We are trying to take all the records from MongoDB to Kafka using the com.mongodb.kafka.connect.MongoSourceConnector. The settings are used for connector as follows:

{
    "name": "mongo-source",
    "config": {
        "connector.class": "com.mongodb.kafka.connect.MongoSourceConnector",
        "connection.uri": "mongodb:***:27017/?authSource=admin&replicaSet=myMongoCluster&authMechanism=SCRAM-SHA-256",
        "database": "someDb",
        "collection": "someCollection",
        "output.format.value":"json",
        "output.format.key":"json",
        "key.converter.schemas.enable":"false",
        "value.converter.schemas.enable":"false",
        "key.converter":"org.apache.kafka.connect.storage.StringConverter",
        "value.converter":"org.apache.kafka.connect.storage.StringConverter",
        "publish.full.document.only": "true",
        "change.stream.full.document":"updateLookup",
        "copy.existing": "true"
    }
}

When all documents are initially uploaded from MongoDB to Kafka, the "key" corresponds to the "id" from Mongo document:

{"_id": {"_id": {"$oid": "5e54fd0fbb5b5a7d35737232"}, "copyingData": true}}

But when a document in MongoDB is updated, an update with a different "key" gets into Kafka:

{"_id": {"_data": "82627B2EF6000000022B022C0100296E5A1004A47945EC361D42A083988C14D982069C46645F696400645F0FED2B3A35686E505F5ECA0004"}}

Thus, the consumer cannot identify the initially uploaded document and update for it.
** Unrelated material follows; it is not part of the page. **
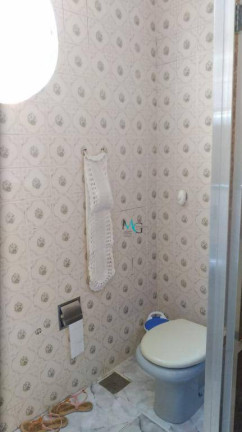 Imagem Casa com 4 Quartos à Venda, 150 m² em Campo Grande - Rio De Janeiro Imagem Casa com 4 Quartos à Venda, 150 m² em Campo Grande - Rio De Janeiro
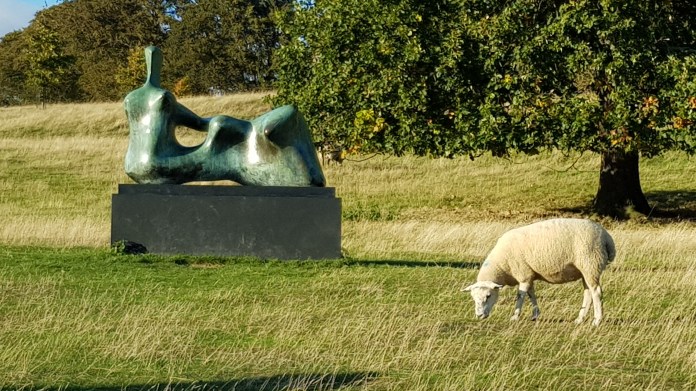 20180927_173321.jpg image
Please help me find which settings on the Kafka, Connector or MongoDB side are responsible for this and how I can change the "Key" in Kafka to the same as during the initial upload.


Solution

  • We were facing the same issue and after some search we started using the following config. We defined a avro schema to extract the output schema key. The key is generated consistently and looks like

    Struct{fullDocument._id=e2ce4bfe-d03a-4192-830d-895df5a4b095}

    Here "e2ce4bfe-d03a-4192-830d-895df5a4b095" is the document id.

    {
      "change.stream.full.document" : "updateLookup",
      "connection.uri" : "<connection_uri>",
      "connector.class" : "com.mongodb.kafka.connect.MongoSourceConnector",
      "collection": "someCollection",
      "copy.existing" : "true",
      "database" : "someDb",
      "key.converter" : "org.apache.kafka.connect.storage.StringConverter",
      "key.converter.schemas.enable" : "false",
      "key.serializer" : "org.apache.kafka.connect.storage.StringConverter",
      "name" : "mongo-source",
      "output.format.key" : "schema",
      "output.json.formatter" : "com.mongodb.kafka.connect.source.json.formatter.SimplifiedJson"
      "publish.full.document.only" : "true",
      "output.schema.key": "{\"type\":\"record\",\"name\":\"keySchema\",\"fields\":[{\"name\":\"fullDocument._id\",\"type\":\"string\"}]}",      
      "tasks.max" : "1",
      "value.converter" : "org.apache.kafka.connect.storage.StringConverter",
      "value.converter.schemas.enable" : "false"
    }